A faulty emergency brake can really wreck your day. Just ask the welder who was among the first drivers pulled over in a commercial vehicle inspection blitz in Red Deer on Wednesday.
He and his one-ton unit, part of a large fleet based in Biggar, Sask., passed muster except for one niggling detail. The truck’s emergency brake had seized from lack of use.
The truck was immediately pulled off the road.
Luckily enough for the welder, who declined to give his name, Vehicle Safety Investigator Rob Carswell, a fully-qualified mechanic, commonly carries a compressor and a full complement of air tools in his unit. Within minutes, Carswell and the hapless welder had fixed the problem and the truck was allowed back on the road.
Inspection did not go as smoothly for another pair travelling in a heavy-duty pickup truck, pulling a work trailer. It’s not just that the truck was not properly licensed for commercial hauling, said transport officer Al Bailer.
The trailer load included loose boards and long pieces of metal that could have easily flown off sideways and killed someone.

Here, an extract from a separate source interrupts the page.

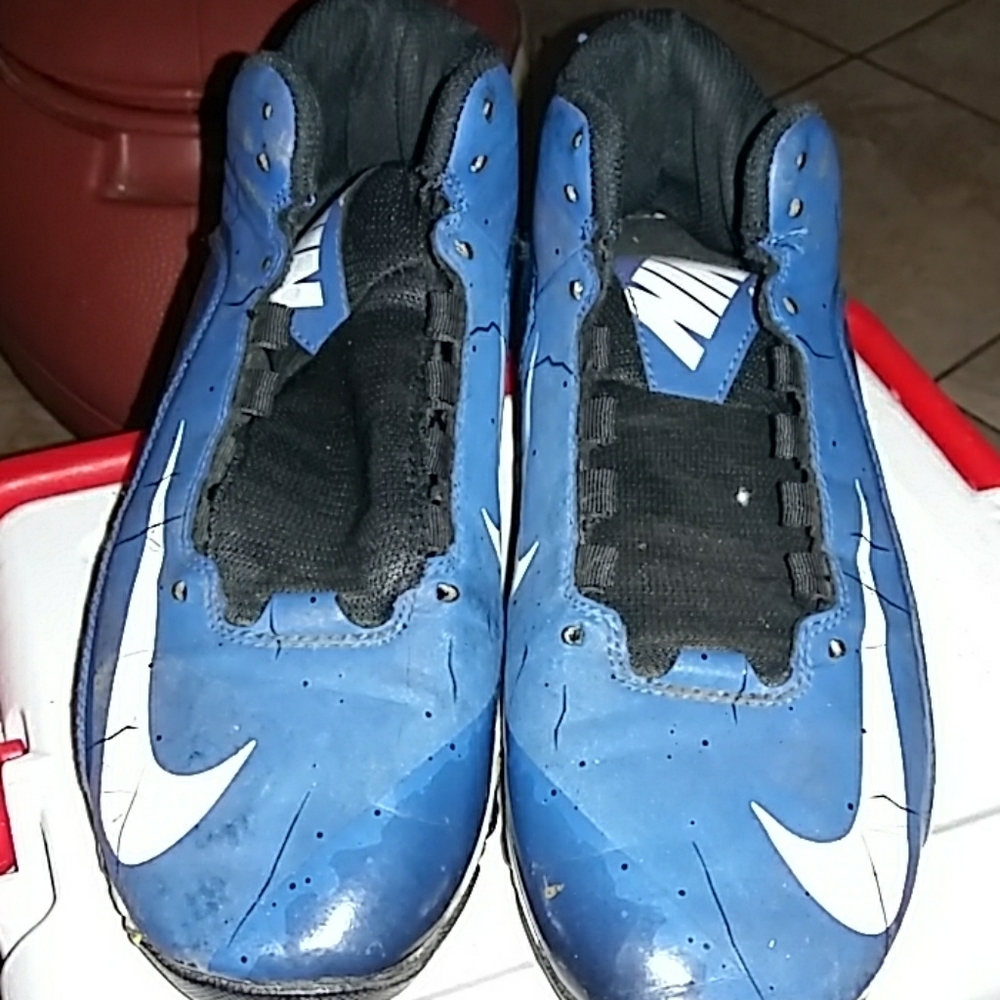 Nike ALPHA  football cleats 8.5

The loose pieces were mounted sideways across the trailer floor, about level with a passenger car window.
Bailer pulled one of the pieces of board out of its slot as he explained the problem.

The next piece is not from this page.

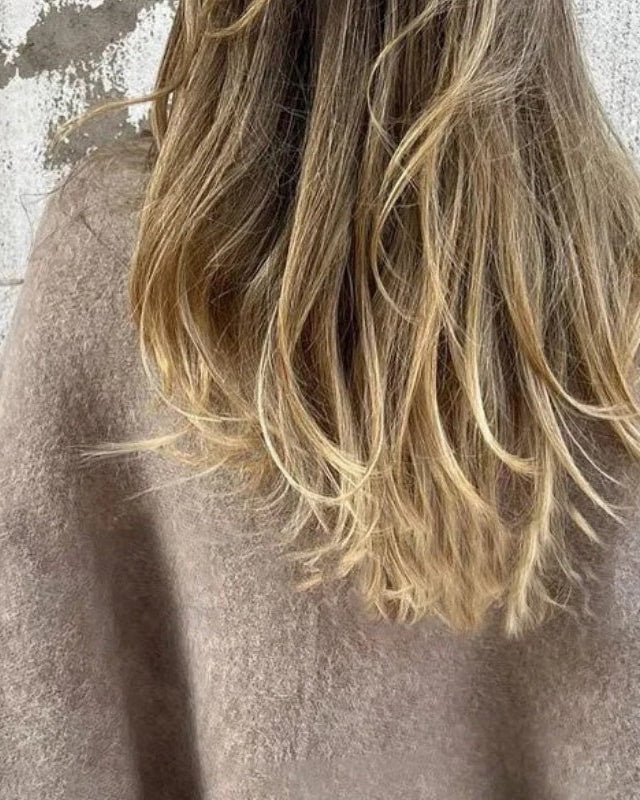 Solène | Manteau Court Élégant pour Femme à Manches Évasées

“If I can take it off the trailer like that, it’s not properly secured,” he said. The driver got a ticket, a warning and a great deal of advice.
Twenty-two peace officers from eight agencies worked together at three different sites for Wednesday’s compliance check, said Sgt. Dan de Melo from the Red Deer office of Alberta Commercial Vehicle Enforcement.
De Melo’s team co-ordinated the checks with eight other agencies, including Alberta Vehicle Safety, Edmonton Police, RCMP, Red Deer City Traffic, Lacombe County Police, Red Deer County Patrol, Alberta Carrier Services and Alberta Gaming and Liquor. They set up shop on 77th Street near the SPCA, next to the city landfill and on 67th street, north of Michener Centre.
Their job is not to get in industry’s way, but to improve safety on streets and highways, said de Melo.
Combining expertise from the different agencies allows a bumper-to-bumper inspection, with peace officers hunting for mechanical defects, licensing infractions, intoxicated drivers and contraband.
It was the first time out for gaming and liquor investigator Brad Smith, a former Red Deer City bylaws officer.
Smith’s sole job during the blitz was to check for units hauling illegal tobacco products. he had peered into all kinds of trailers and truck boxes, but found nothing by 11:30 a.m., about two hours into the program.
By the end of the day, peace officers working the three sites had performed safety inspection on 51 units and pulled 12 out of service for repairs, said de Melo.
An international check conducted across Canada, Mexico and the United States early last June reported that 82 per cent of the commercial vehicles passed inspections. More than 7,000 commercial units were pulled over during the three days of the check, of which 6,000 were passed.
That’s an 18 per cent improvement over 2007, says the Canadian Council of Motor Transport Administrators.
Results of a similar check held earlier this month will be released in late June or early July.